Il y a une dizaine de jours, l’intérêt des journaux
marocains était capté par le déroulement des discussions du Conseil de Sécurité
des Nations-Unies sur le Sahara. Un projet de résolution porté par les
Américains a failli passer n’était l’effort titanesque fourni par la diplomatie
marocaine. Ce projet voulait élargir la mission de la force onusienne (MINURSO)
pour lui donner mandat de surveiller la situation des Droits de l’Homme dans la
province saharienne. Les Etats-Unis, allié de premier ordre du Royaume retireront finalement le projet, mais le rapport du Secrétaire général de l’ONU,
comportera quelques formules «dérangeantes» pour le Royaume.
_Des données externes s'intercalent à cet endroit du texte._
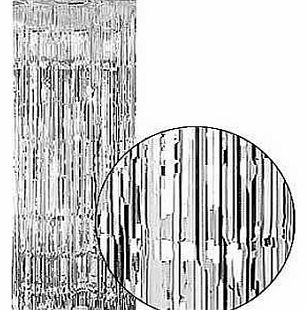 Partyrama Silver Metallic Shimmer Curtain 3ft x 8ft - Single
Le sujet a occupé une bonne place dans la presse
pendant quelques jours. Les opposants au gouvernement l’utilisant pour dénigrer
la diplomatie du Royaume, les militants le prenant comme prétexte pour
renouveler l’aspect «inaliénable de l’intégrité du Maroc» et la
nécessité «d’unir les rangs autour de cette cause sacrée». Certains intervenants,
notamment ceux originaires de Saguia el Hamra, n’ont pas hésité à accuser la
Mauritanie plus ou moins directement d’être «devenue un allié de l’irrédentisme
sahraoui». L’un d’eux est parti jusqu’à dire qu’il ne reste plus que «quelques
milliers de personnes dans les camps du Polisario qui ont pu bénéficier du
nouvel état civil mauritanien, certainement avec la complicité des autorités
mauritaniennes». Dans toutes les déclarations et publications faites à l’occasion,
il y avait toujours cette question qui apparaissait à un moment ou un autre du
texte : «Le Maroc va-t-il perdre le Sahara comme il a perdu la
Mauritanie ?» Dans ce tumulte apparaissent les rôles catastrophiques d’une
diplomatie «de l’informel» qui fait qu’entre les deux pays, des
émissaires privés vont de part et d’autre colporter mauvaises informations et
analyses tronquées. Ceux-là ont plus d’influence de part et d’autre que les
diplomates des deux pays.
En discutant ici et là, on se rend compte de la
défiance de plus en plus grandissante entre les deux pays qui sont pourtant
condamnés à vivre dans le même sillage. Ni la Mauritanie ni le Maroc ne doivent
se résoudre à croire qu’ils peuvent prospérer l’un sans l’autre. L’un et l’autre
sont des versants (Sud quand il s’agit de la Mauritanie pour le Maroc, Nord du
Maroc pour la Mauritanie), des interfaces dont la complémentarité découle de l’Histoire
et de la géographie des deux Nations.
Toute analyse qui mène à adopter à une attitude de
défiance est préjudiciable à l’un et l’autre des pays. Pour la Mauritanie, l’existence
d’un Maroc dynamique et prospère a certainement un effet bénéfique pour l’économie,
pour le rôle sous-régional, pour les équilibres intérieurs… Pour le Maroc, la
stabilité de la Mauritanie est un gage de sécurisation et d’ouverture sur le
Sud. Elle est aussi un facteur de stabilité intérieure et d’épanouissement vers
l’Afrique de l’Ouest.
Nos frères
du Nord, Marocains comme Algériens, ont toujours oublié (ou fait semblant d’ignorer)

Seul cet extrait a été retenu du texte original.